I'm not sure what it is, but I've just never been able to get into the Zelda games, even though they seem like games that I would normally enjoy. I don't hate/dislike the games, but I don't seem to be able to get absorbed in them like I do with other games.

I've also never enjoyed the Fable games. I found the combat to be insanely boring, it was just button mashing for the most part. And the fact that the game would spawn a ridiculous amount of enemies in each area just made me quit playing the first game after about 10 hours.

Also don't like Animal Crossing. Don't find anything enjoyable about shaking a few trees to collect cherries and talking to large headed animal people for 30 minutes or less every day.

That ends my little rant.
Anyone else dislike or find it difficult to get into any other popular/well-known game franchises?


----------



## scooby (Jun 24, 2009)

I couldn't get into any of the fallout games. Tried New Vegas and didn't like it at all. 

Does having no interest in trying some popular games count? I have no interest in animal crossing or harvest moon. Or the Final Fantasy series, or Elder Scrolls series. Though to be fair I haven't even given them a chance.


----------



## minimized (Nov 17, 2007)

Oh, I like all those games. Especially old-school Zelda (as far as 64 era can be considered old-school).

The problem with this is that I don't buy many games so I only get ones I'm probably going to like. I'd say any sort of military shooter, new Final Fantasy, new Assassin's Creed, and most likely new Castlevania.


----------



## Subject 1 (Oct 30, 2013)

DoTA 2
League of Legends
World of Warcraft

There would be a few more, just can not think of them at the moment.


----------



## Crimson Lotus (Jul 26, 2013)

Minecraft and Terraria, I just don't enjoy the building/digging aspect at all... Even if Terraria is more exploration oriented.


----------



## Scrub-Zero (Feb 9, 2004)

Subject 1 said:


> DoTA 2
> League of Legends
> World of Warcraft


Same here. And all the popular shooters like call of duty. I can't stand those games.

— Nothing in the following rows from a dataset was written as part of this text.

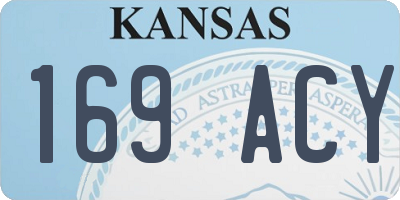 KS license plate 169ACY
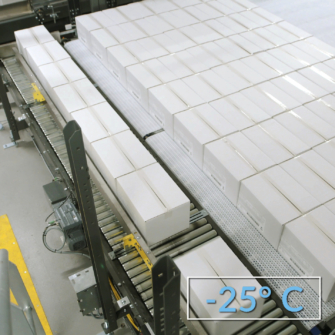 Palletising Frozen Food Hero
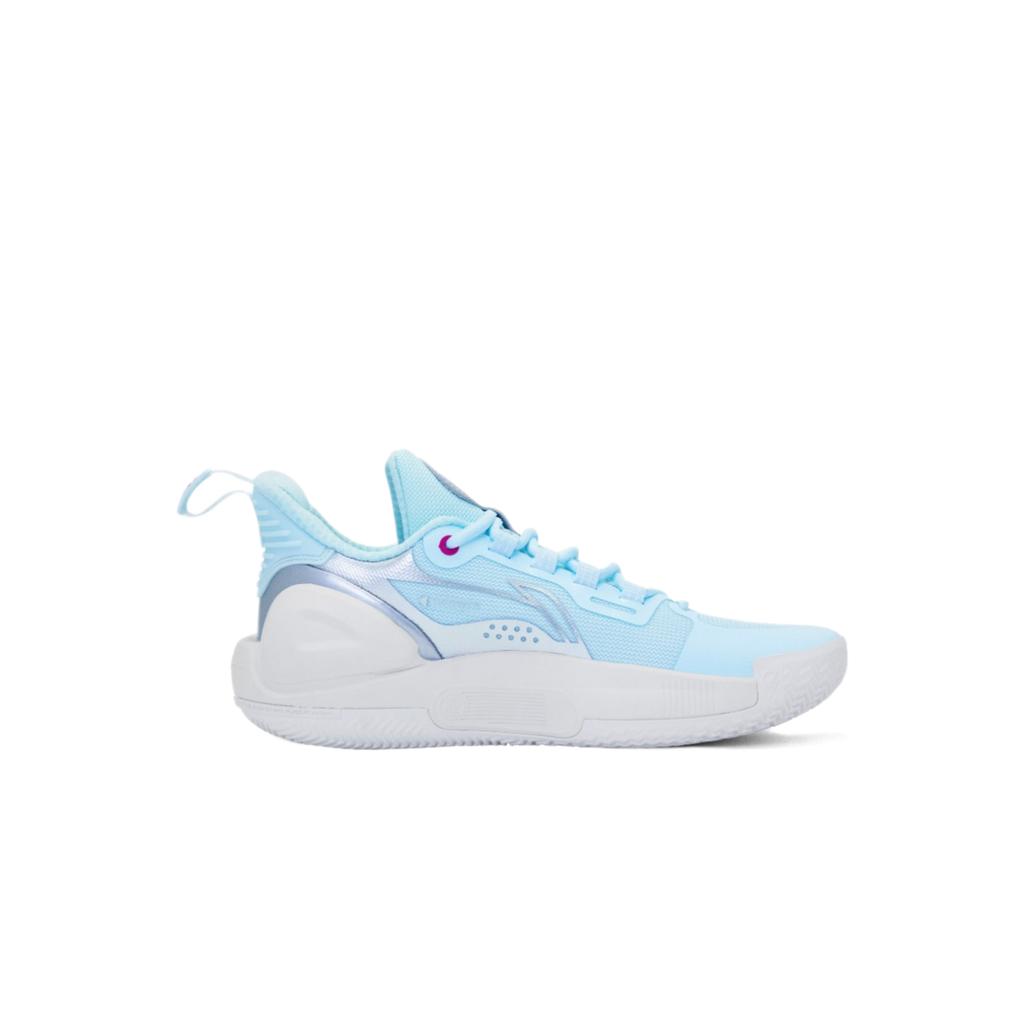Li Ning Speed 9 Ice Blade Cushioning Rebound Slip Resistant Low top Basketball Shoes Men's Blue ABPT001-6()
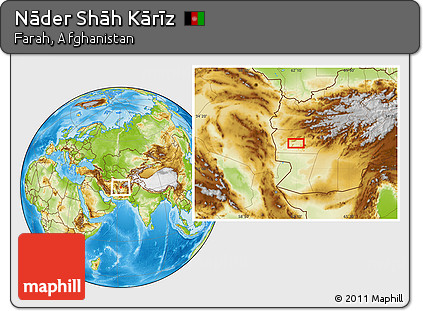 Physical Location Map of Nāder Shāh Kārīz
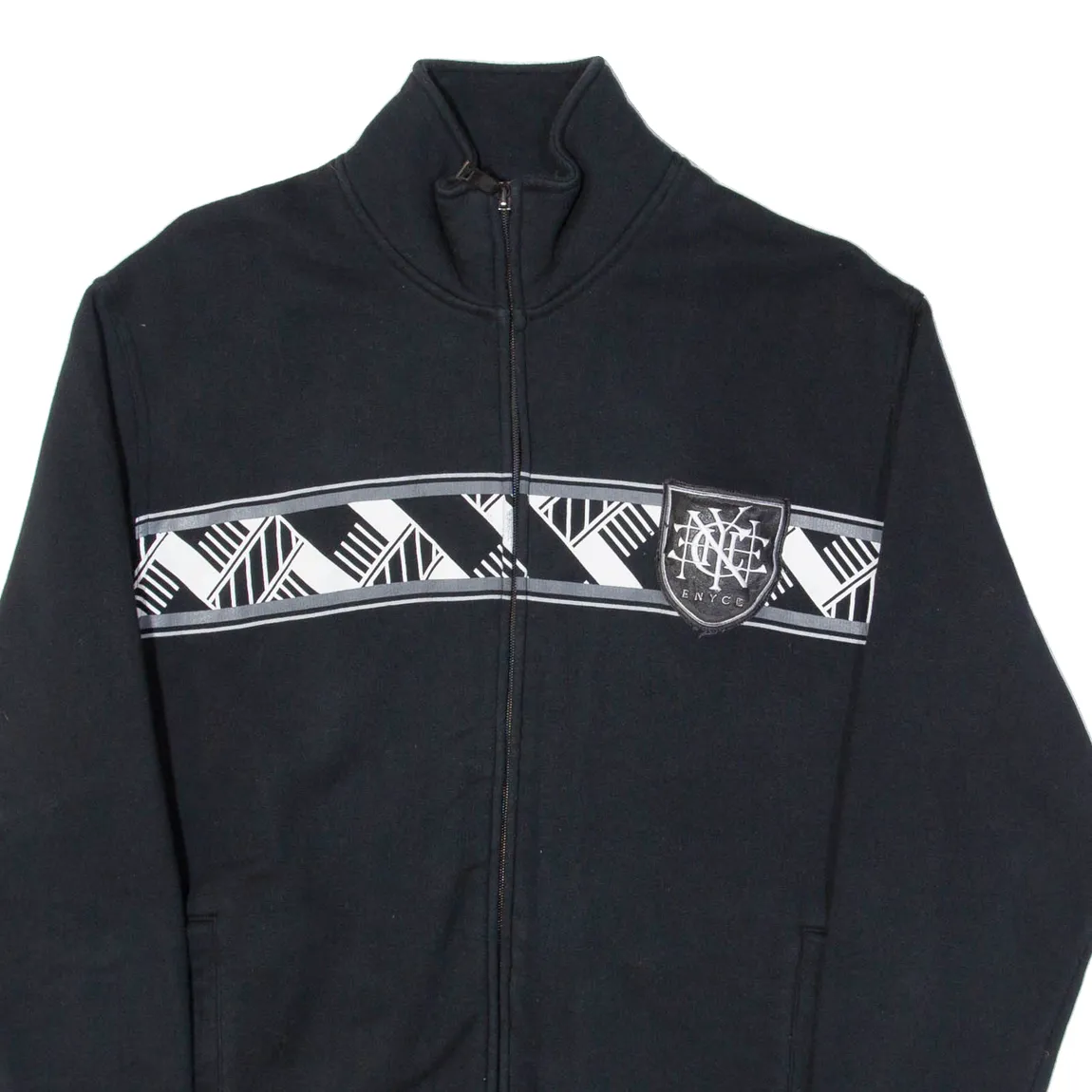 ENYCE Mens Track Jacket Black L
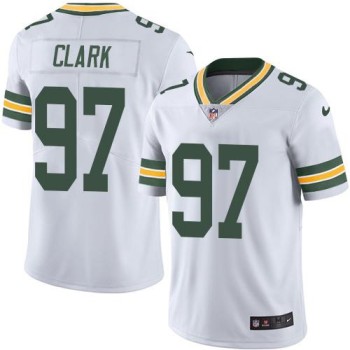 Packers #97 Kenny Clark White Men's Stitched NFL Limited Rush Jersey Packers #97 Kenny Clark White Men's Stitched NFL Limited Rush Jersey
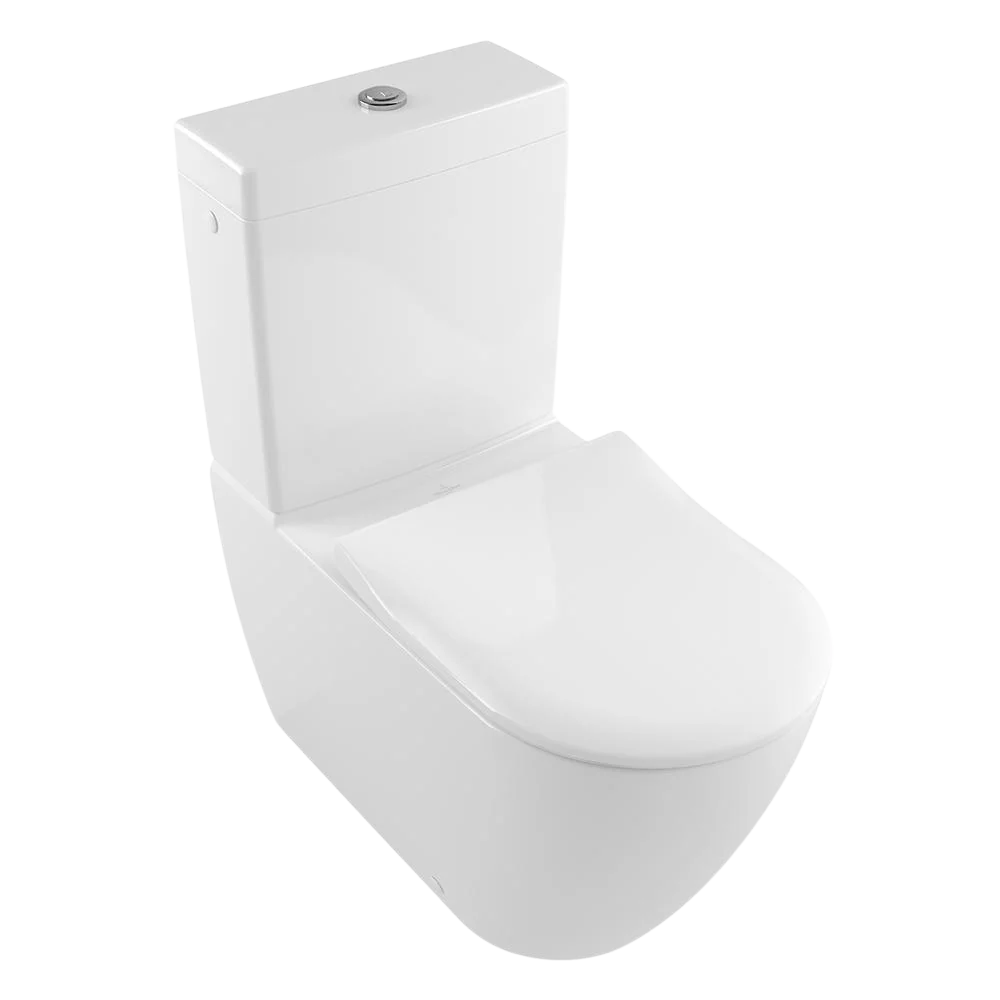 Villeroy & Boch Subway 2.0 DirectFlush BTW Toilet Suite with Slim Seat Alpine White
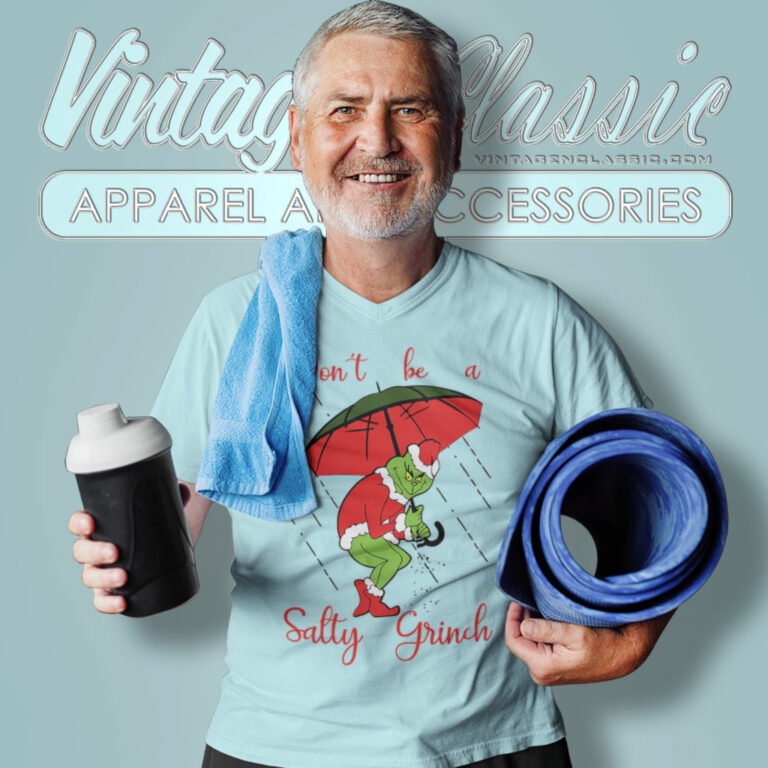 Dont Be A Salty Grinch Christmas V Neck TShirt Dont Be A Salty Grinch Christmas V Neck TShirt
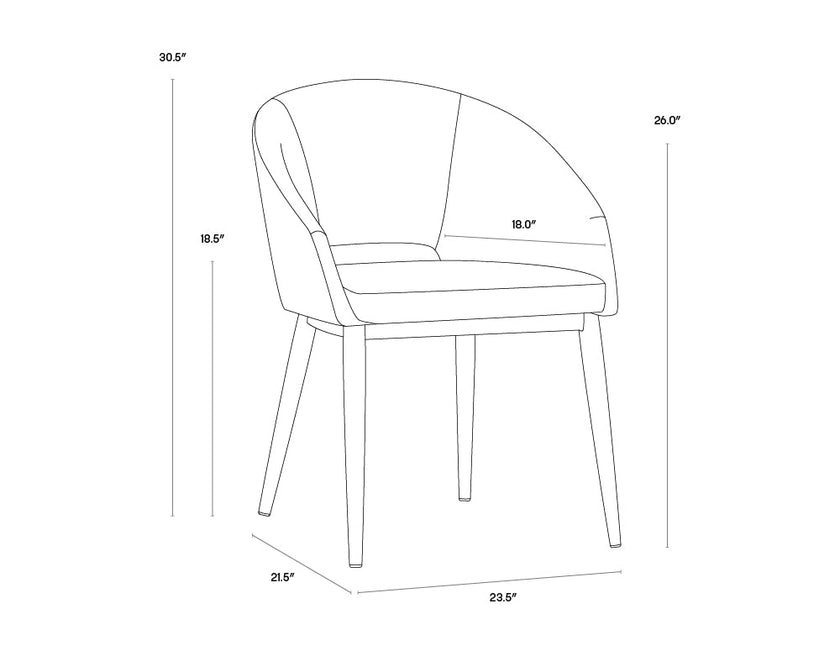 Sunpan Thatcher Dining Chair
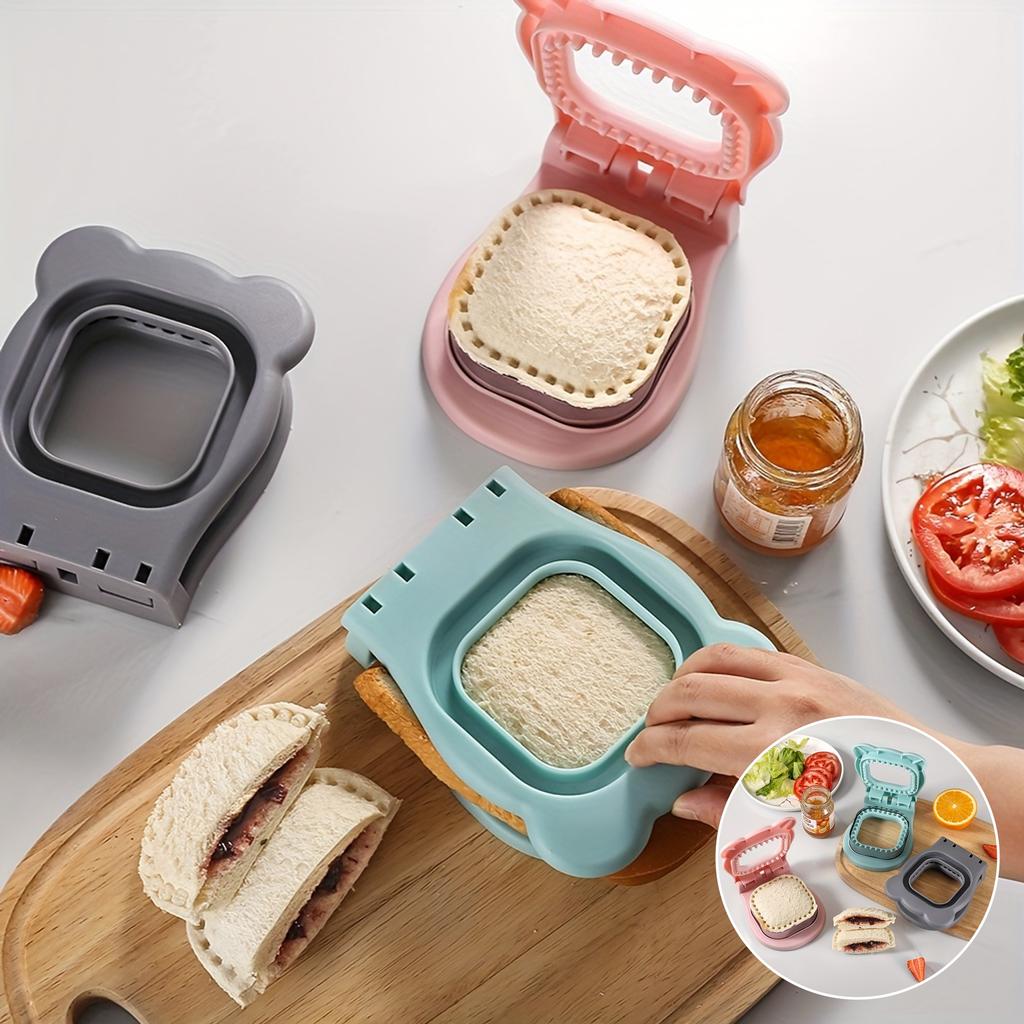 1 stk Kraftig manuell smørbrødskjærer - Rustfritt stål (430) med presise skjærekanter for perfekt firkantede smørbrød, brød, matbokser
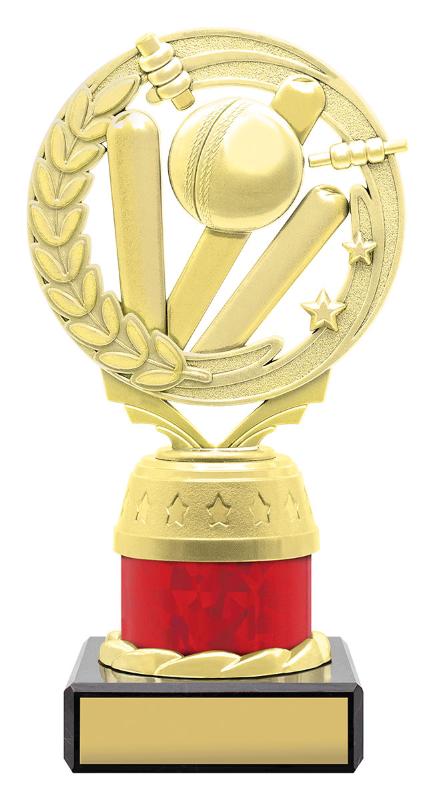 S4023 Gold / Red Cricket Torch Series 165mm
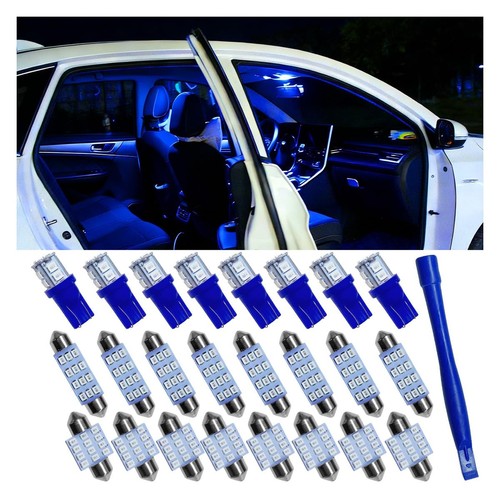 24pcs car interior led bulbs - interior,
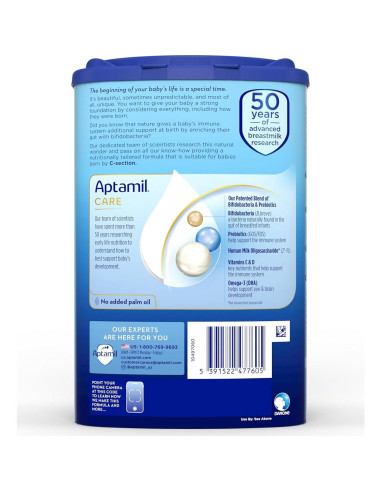 Aptamil Care Etapa 2 Fórmula Infantil 798g para Bebés 6+ Meses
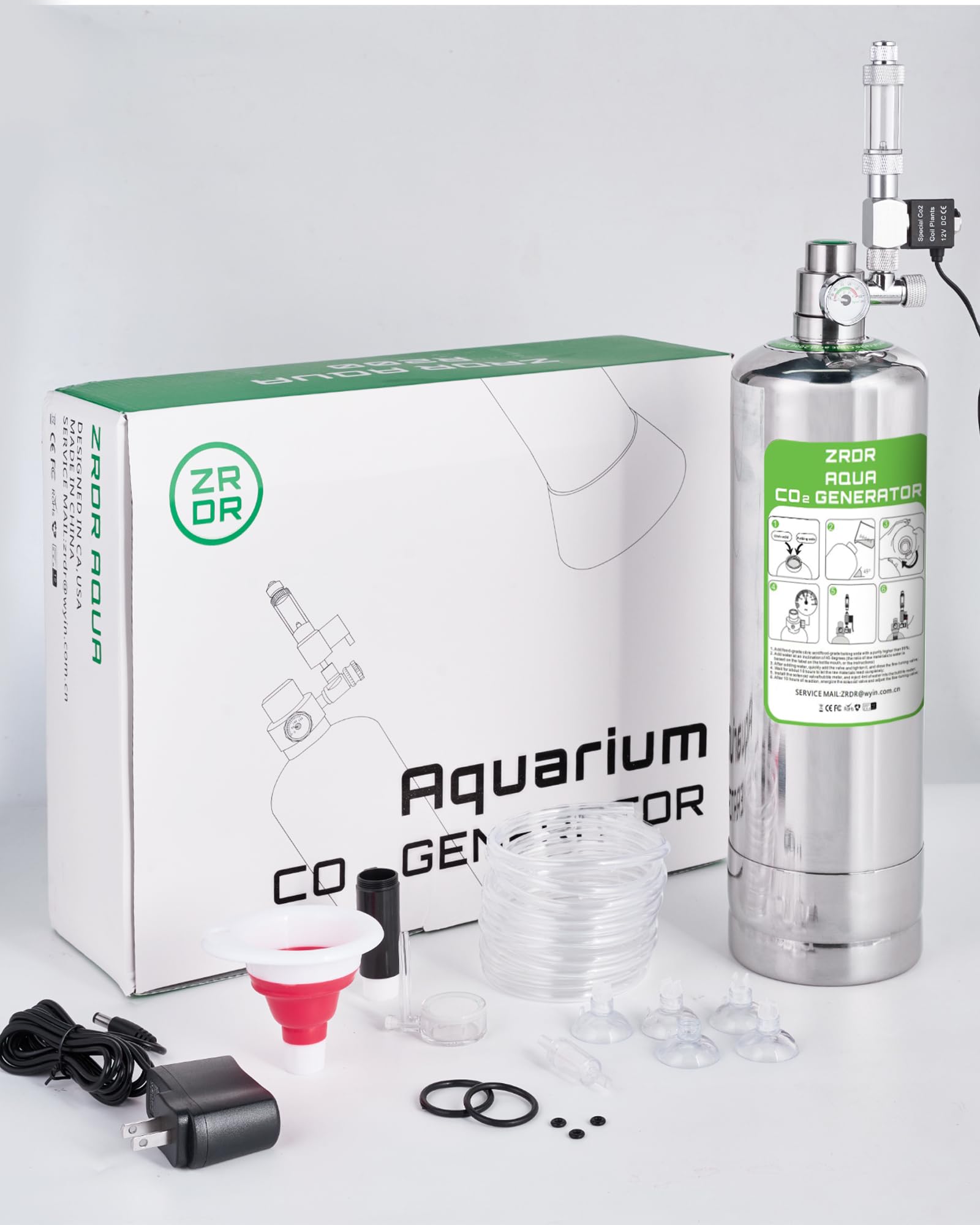 CO2ジェネレーター 2000ml CO2 SYSTEMS Amazon | ZRDR CO2ジェネレーターシステム 二酸化炭素 2L 圧力計付き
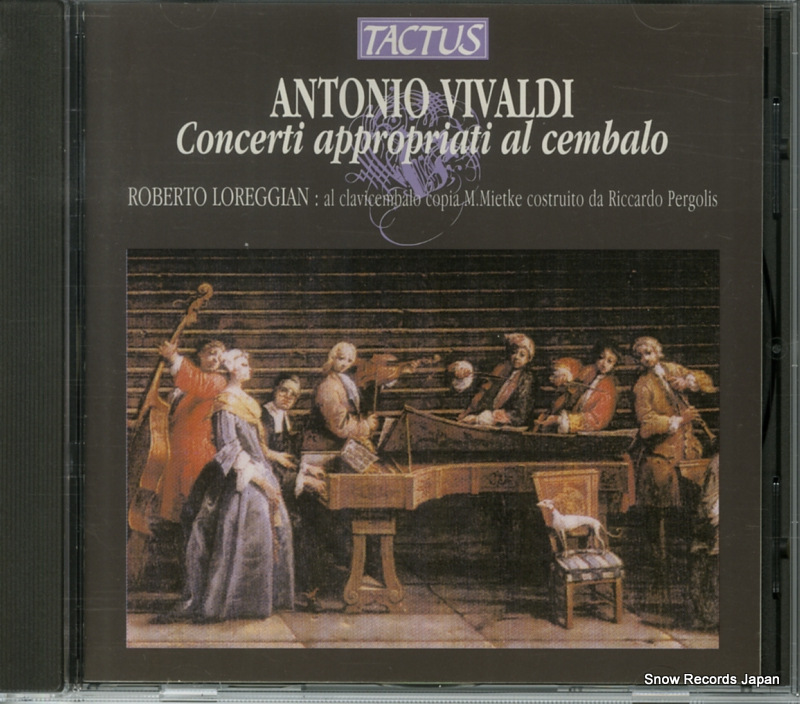 ROBERTO LOREGGIAN vivaldi; concerti appropriati al cembalo TC672216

Oh, and Assassin Creed and God of war type of games.


----------



## Subject 1 (Oct 30, 2013)

Scrub-Zero said:


> Same here. And all the popular shooters like call of duty. I can't stand those games.


Weird same here. :sus


----------



## WillYouStopDave (Jul 14, 2013)

Most of them. It's usually pure coincidence if I just happen to like anything most other people like.

Didn't like most of the Mario games. Didn't like Zelda. Didn't like Halo. Etc. And I hated Tetris. I tried to like it because it was popular when I was trying to fit in but trying to make myself like it just made me hate it even more.


----------



## Scrub-Zero (Feb 9, 2004)

Subject 1 said:


> Weird same here. :sus


Is it? How weird on a 1 to 10 scale?

And I forgot about Mass Effect and Dragon Age. Pretty much anything Bioware released after Baldur's Gate 2.


----------



## Subject 1 (Oct 30, 2013)

Scrub-Zero said:


> Is it? How weird on a 1 to 10 scale?
> 
> And I forgot about Mass Effect and Dragon Age. Pretty much anything Bioware released after Baldur's Gate 2.


Weird enough for this. :sus
No scale required.

Couldn't get into dragon age with it's great tomato sauce blood effect.


----------



## Kml5111 (Dec 16, 2012)

I seem to be incapable of being immersed in a game if it doesn't have sci fi or mechs in it.


----------



## BTAG (Jun 27, 2013)

I guess Demon's Souls and Dark Souls if those are considered popular enough to qualify. I just really do not enjoy dying hundreds of times. I usually play most popular games, but I guess the one glaring omission, is that I've never even tried to play a Final Fantasy game, or any JRPG's.


----------



## SilverWolf (Jul 1, 2013)

Grand Theft Auto


----------



## The Phantom Pain (Oct 6, 2010)

BTAG said:


> *I guess Demon's Souls and Dark Souls if those are considered popular enough to qualify.* I just really do not enjoy dying hundreds of times. I usually play most popular games, but I guess the one glaring omission, is that I've never even tried to play a Final Fantasy game, or any JRPG's.


This 100%. I've never came so close to falling a sleep while playing a game in my life. The difficulty just makes it worse (no offense to people who like it)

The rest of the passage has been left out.